- **WHAT NEEDS TO BE DONE**: Only the lines from the one containing "66-FONT ROMEU-N°4185-B/0345 - Autres" through the end of the entries are wanted, retyped exactly and without pictures.
[[ DATA IN THIS EXERCISE open ]]
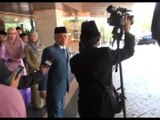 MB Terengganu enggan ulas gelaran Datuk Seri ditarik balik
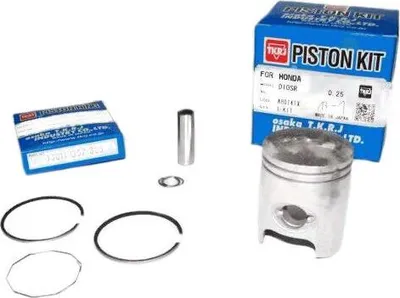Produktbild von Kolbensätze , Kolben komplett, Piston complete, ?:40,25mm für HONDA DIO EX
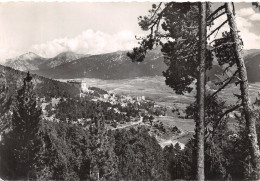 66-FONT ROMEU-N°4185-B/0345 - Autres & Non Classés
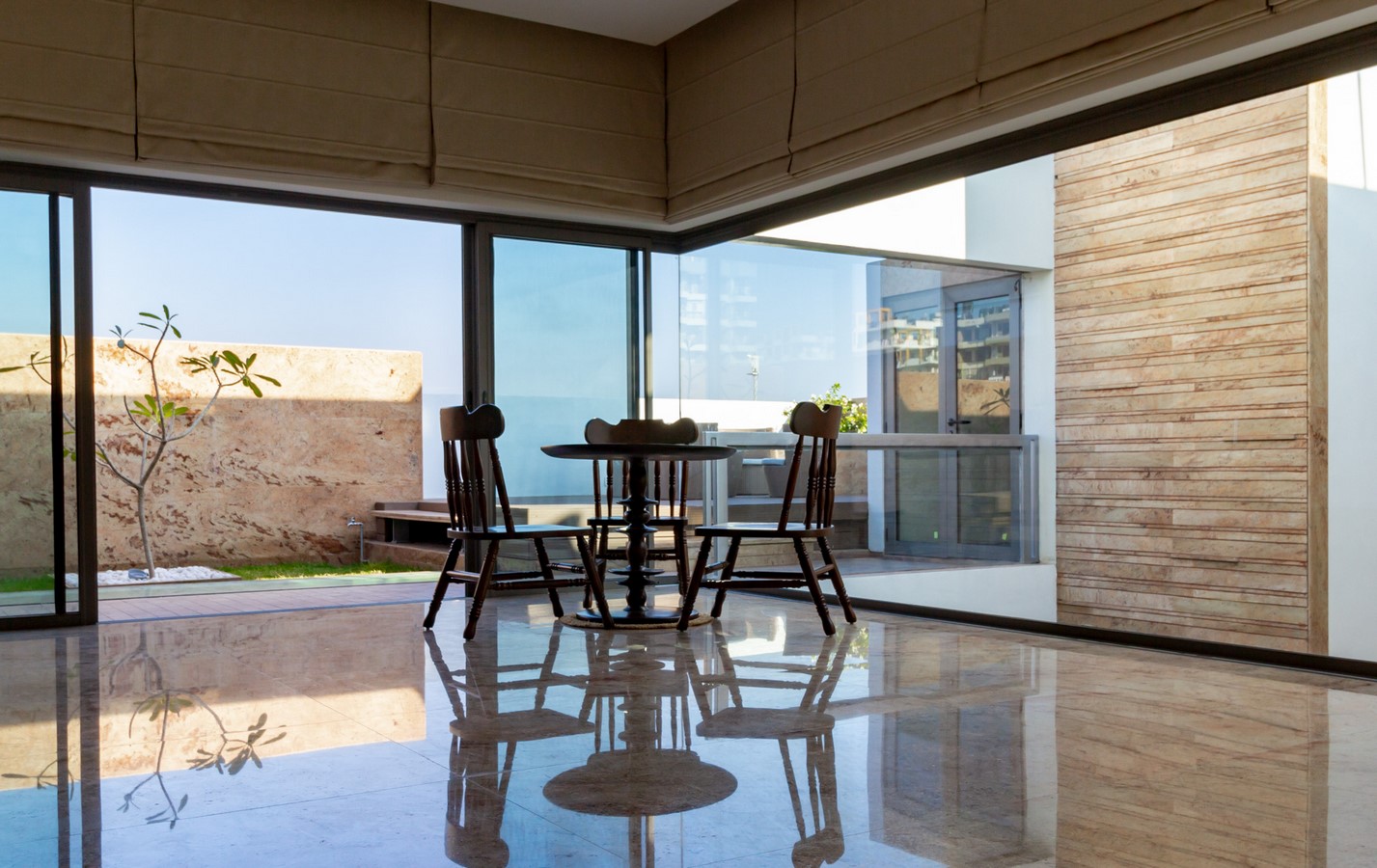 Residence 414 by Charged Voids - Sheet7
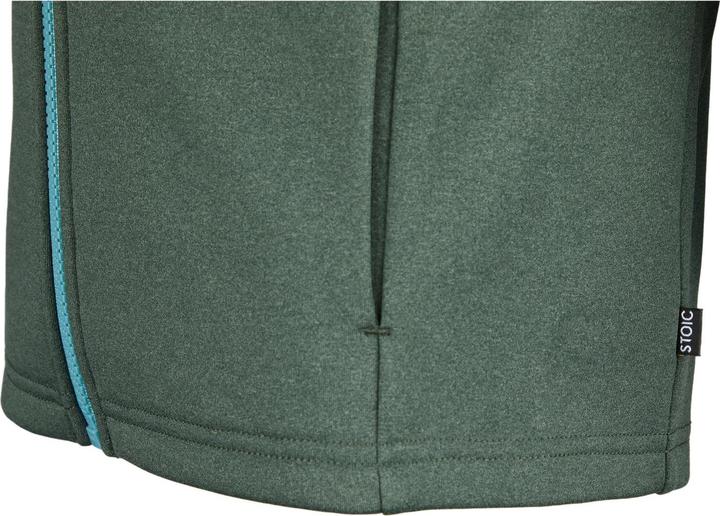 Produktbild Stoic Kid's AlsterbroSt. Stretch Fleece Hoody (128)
[[ DATA IN THIS EXERCISE closed ]]
- **WORKED SOLUTION**:
 66-FONT ROMEU-N°4185-B/0345 - Autres & Non Classés
 Residence 414 by Charged Voids - Sheet7
 Produktbild Stoic Kid's AlsterbroSt. Stretch Fleece Hoody (128)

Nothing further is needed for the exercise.